▶ **DATA TO USE**:
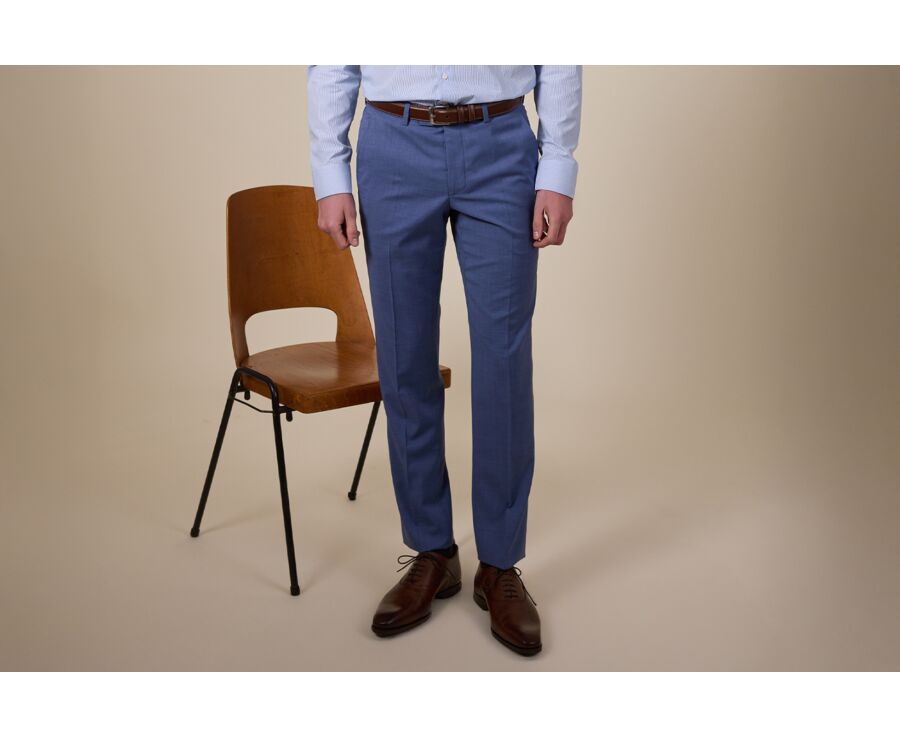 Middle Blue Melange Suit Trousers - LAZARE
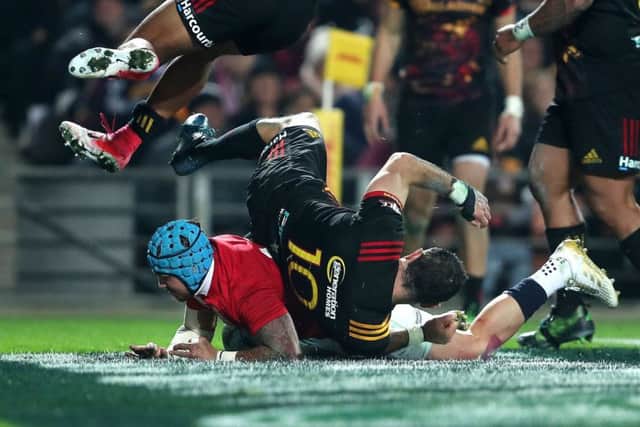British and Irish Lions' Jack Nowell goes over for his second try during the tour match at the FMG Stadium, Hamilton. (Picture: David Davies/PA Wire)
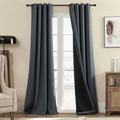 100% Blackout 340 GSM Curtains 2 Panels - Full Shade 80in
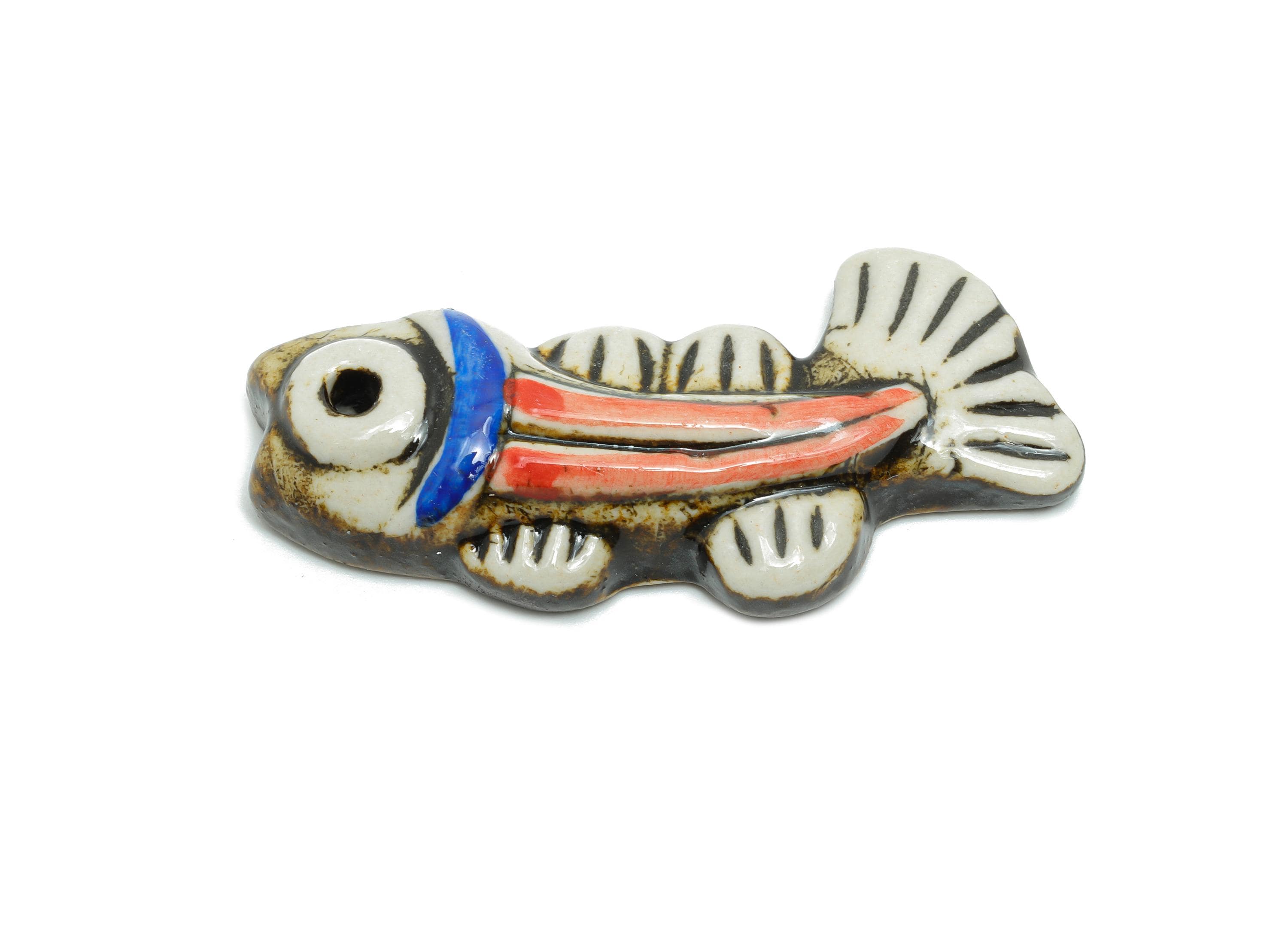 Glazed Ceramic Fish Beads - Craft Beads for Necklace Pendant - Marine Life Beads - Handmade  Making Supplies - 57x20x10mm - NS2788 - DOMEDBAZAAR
---
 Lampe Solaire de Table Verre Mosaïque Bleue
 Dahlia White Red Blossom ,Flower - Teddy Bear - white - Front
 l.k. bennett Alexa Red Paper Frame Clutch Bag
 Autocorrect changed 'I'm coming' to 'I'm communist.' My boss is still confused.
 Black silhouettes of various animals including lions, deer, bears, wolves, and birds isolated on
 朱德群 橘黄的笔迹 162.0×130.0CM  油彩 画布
* * *
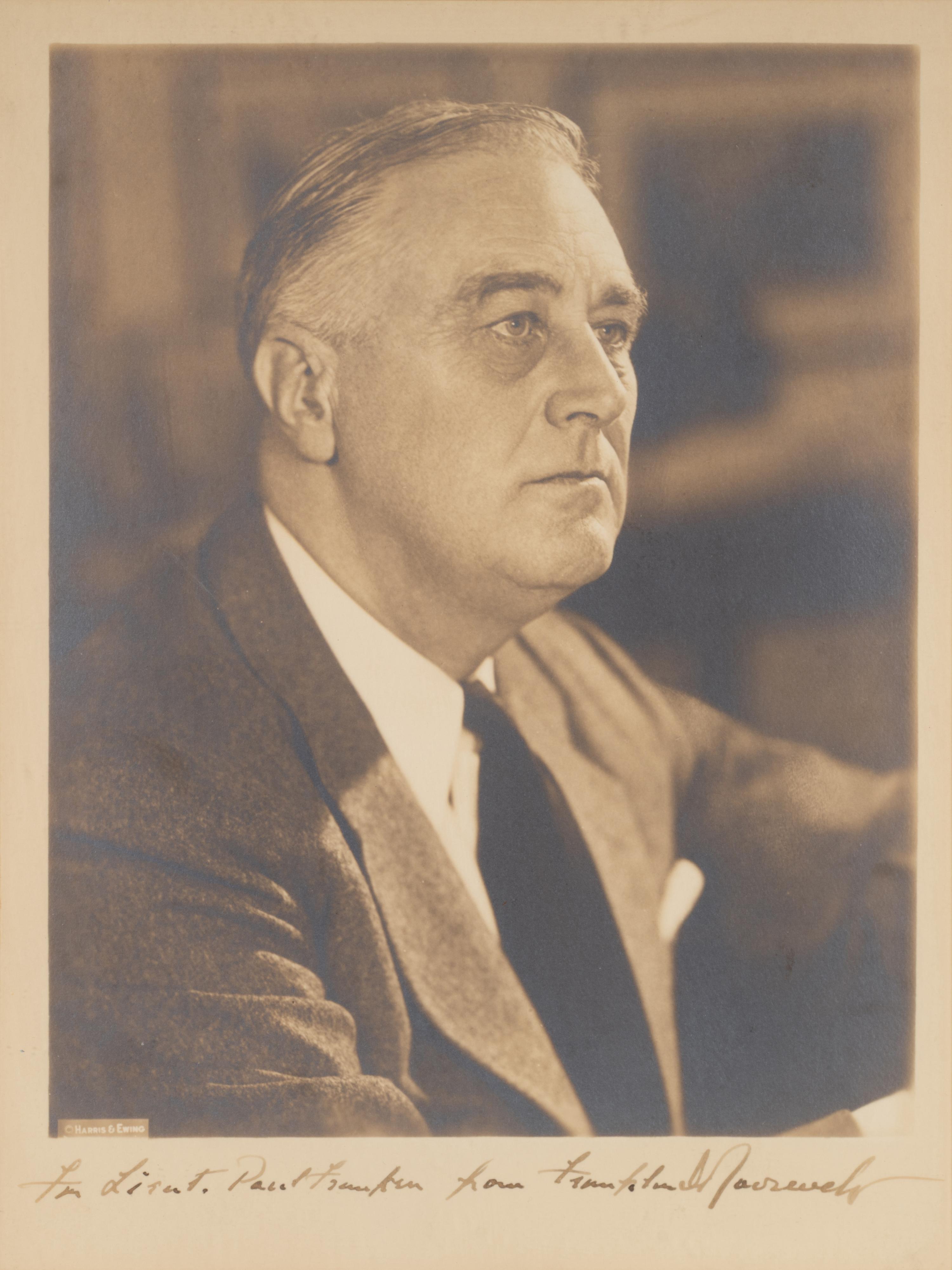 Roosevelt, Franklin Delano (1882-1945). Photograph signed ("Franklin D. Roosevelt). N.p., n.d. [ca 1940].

▶ **WORK REQUEST**:
Repeat, character for character, the lines of the material above from the line with "Black silhouettes of" through the line with "朱德群 橘黄的笔迹 162.0×130.0CM".

▶ **ANSWER BELOW**:
 Black silhouettes of various animals including lions, deer, bears, wolves, and birds isolated on
 朱德群 橘黄的笔迹 162.0×130.0CM  油彩 画布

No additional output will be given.